▶ What is required: Set out word for word the line that contains "5. Opony 245/45" and each line after it, through the end of the data below, but exclude the pictures.

┌─ The records

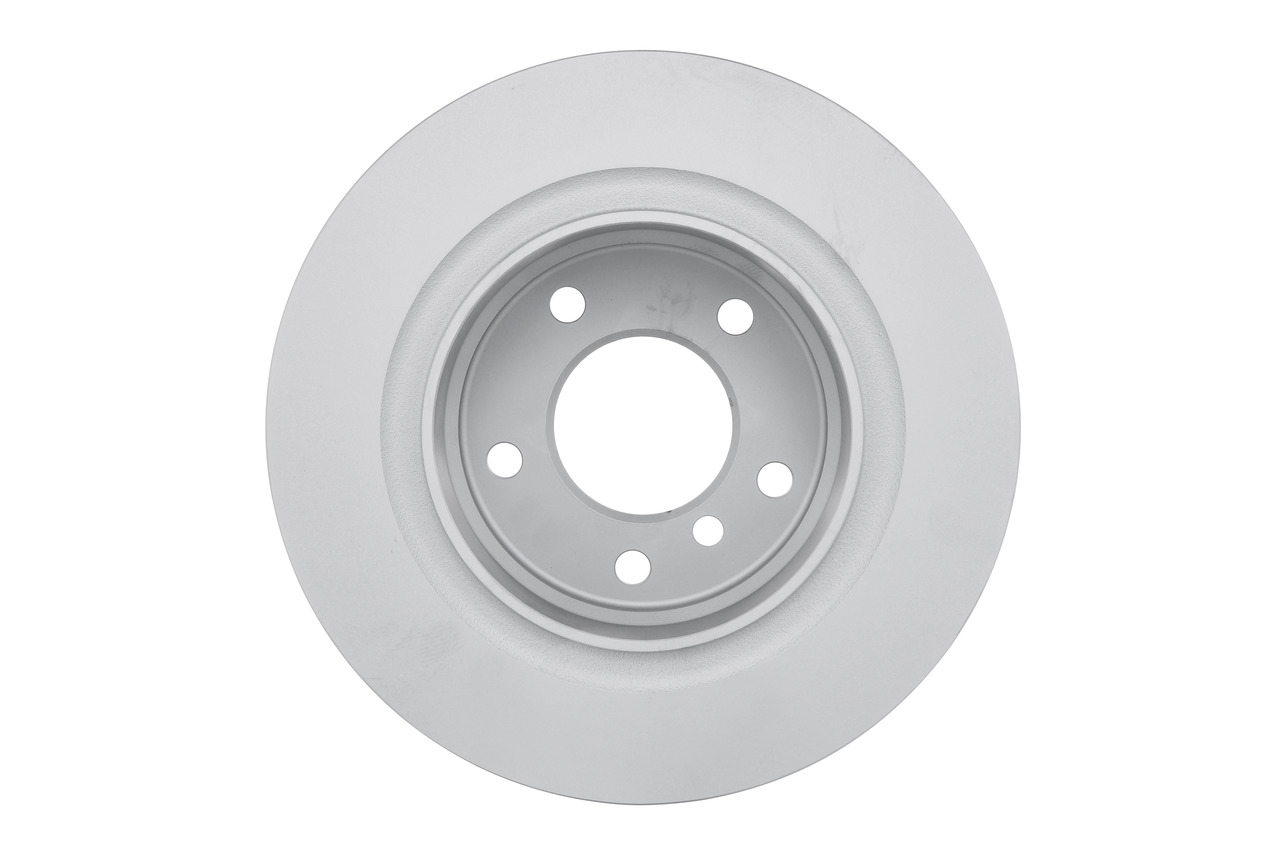 BOSCH Bremseskive 0986478570 indvendig ventileret 294mm 19mm for BMW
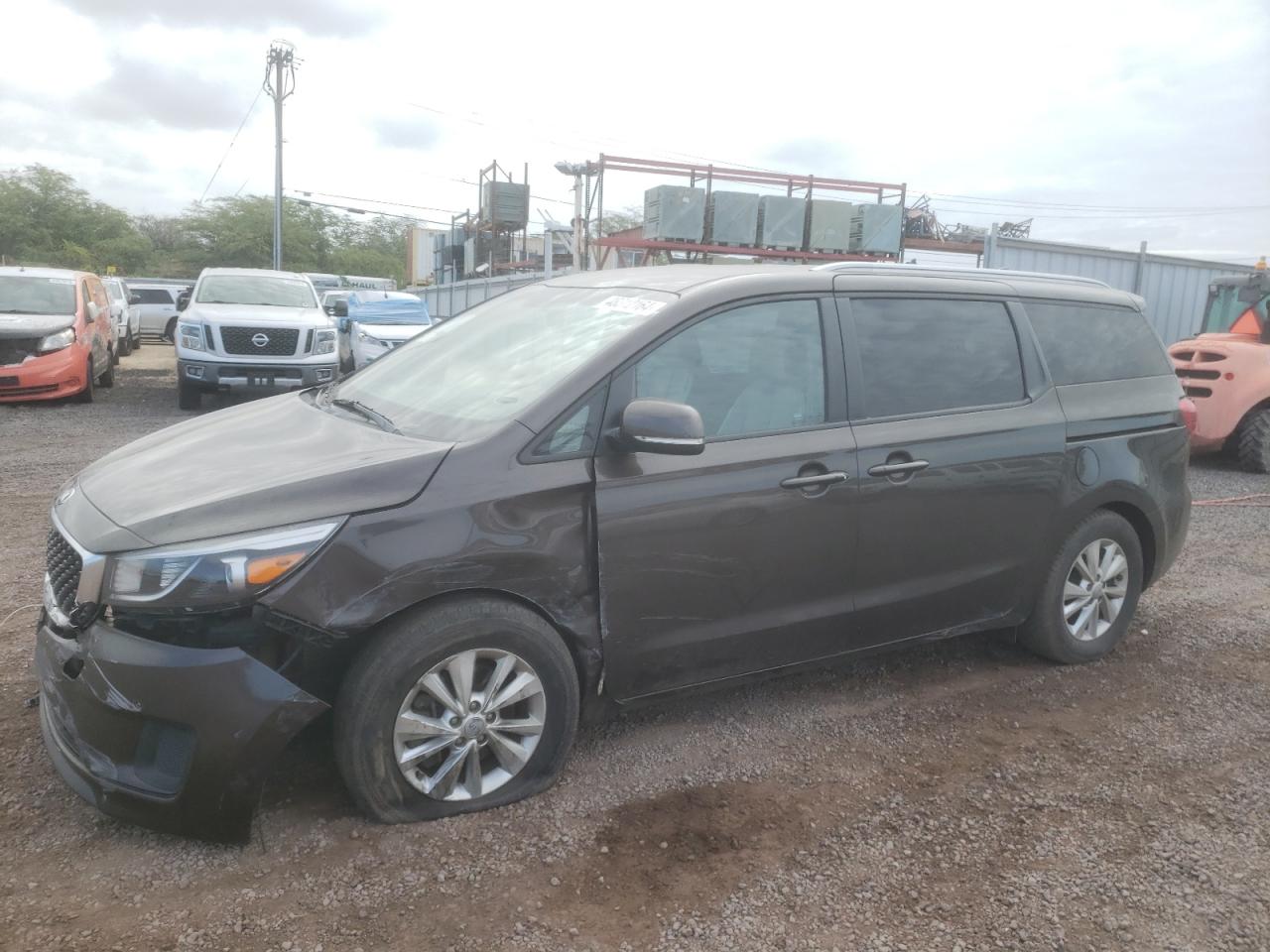 Kia Sedona (2018)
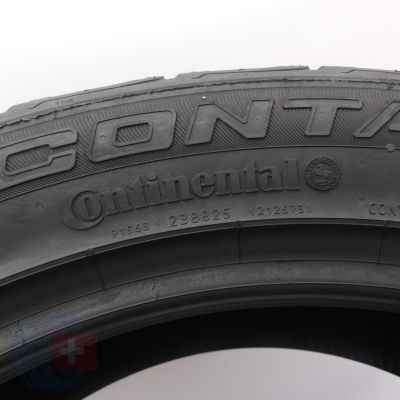 5. Opony 245/45 R20 4x CONTINENTAL 103W XL CrossContact M+S Letnie 2020 Jak Nowe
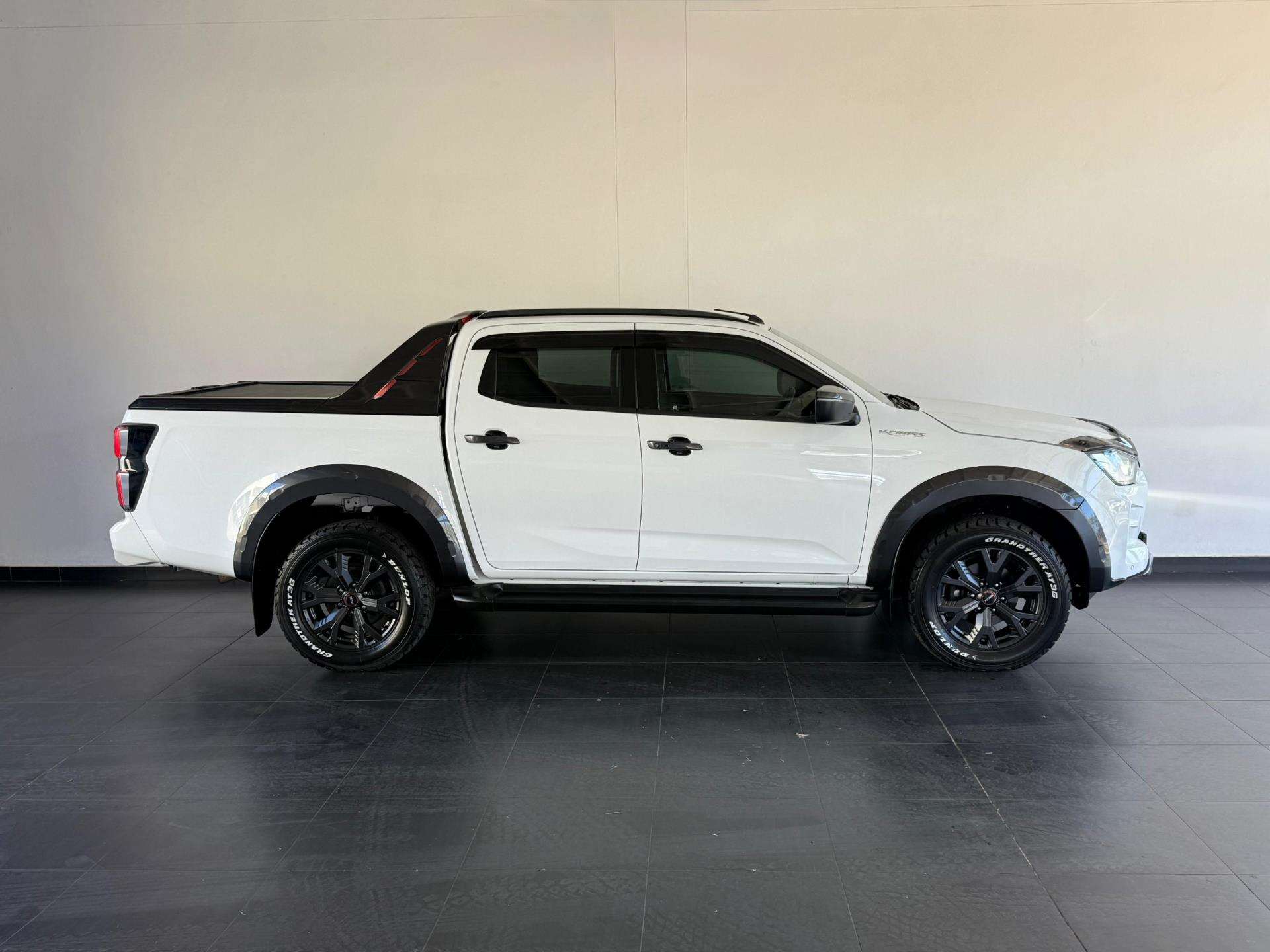 2022 Isuzu D-max image 4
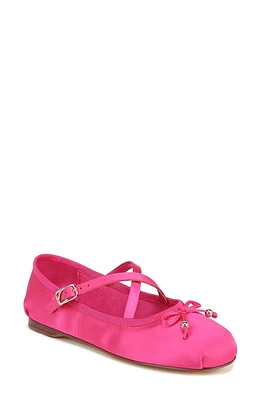 Circus NY by Sam Edelman Zuri Ballet Flat Pink Peacock at Nordstrom,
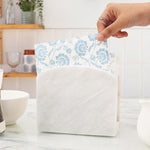Marble Napkin Holder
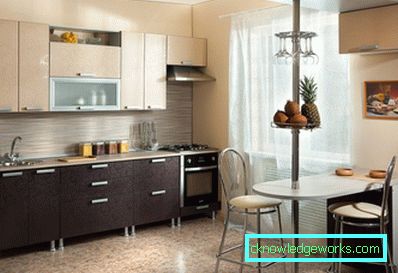 Kuhinjski set za kuhinju - 175 fotografija u interijeru. Pravilan raspored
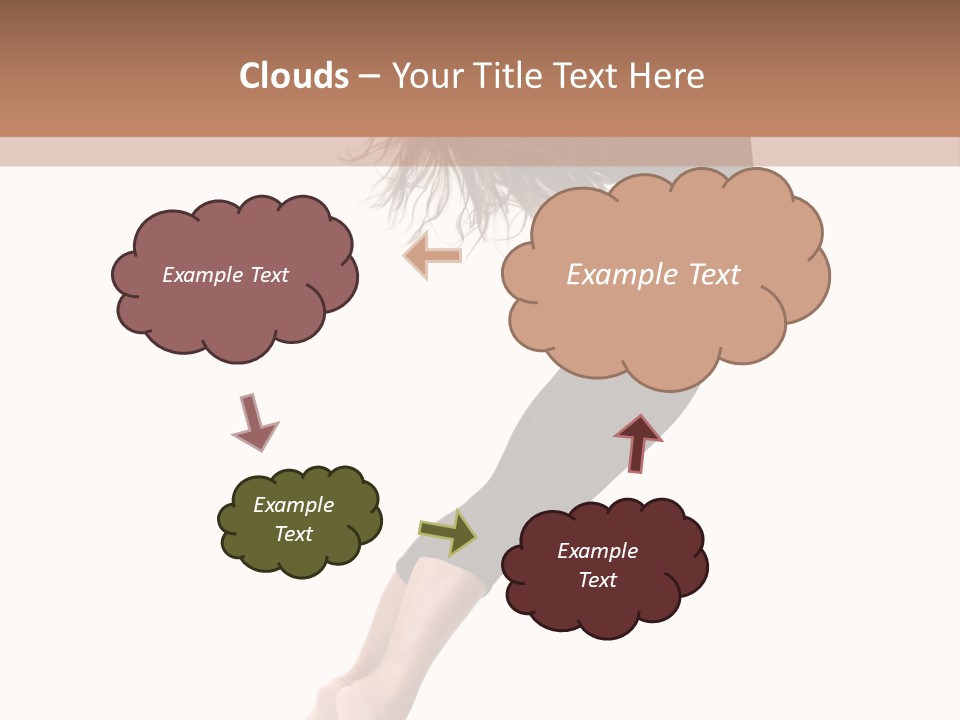 Exercise Flexibility Attractive PowerPoint Template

└─

▶ Reply to the exercise:
 5. Opony 245/45 R20 4x CONTINENTAL 103W XL CrossContact M+S Letnie 2020 Jak Nowe
 2022 Isuzu D-max image 4
 Circus NY by Sam Edelman Zuri Ballet Flat Pink Peacock at Nordstrom,
Marble Napkin Holder
 Kuhinjski set za kuhinju - 175 fotografija u interijeru. Pravilan raspored
 Exercise Flexibility Attractive PowerPoint Template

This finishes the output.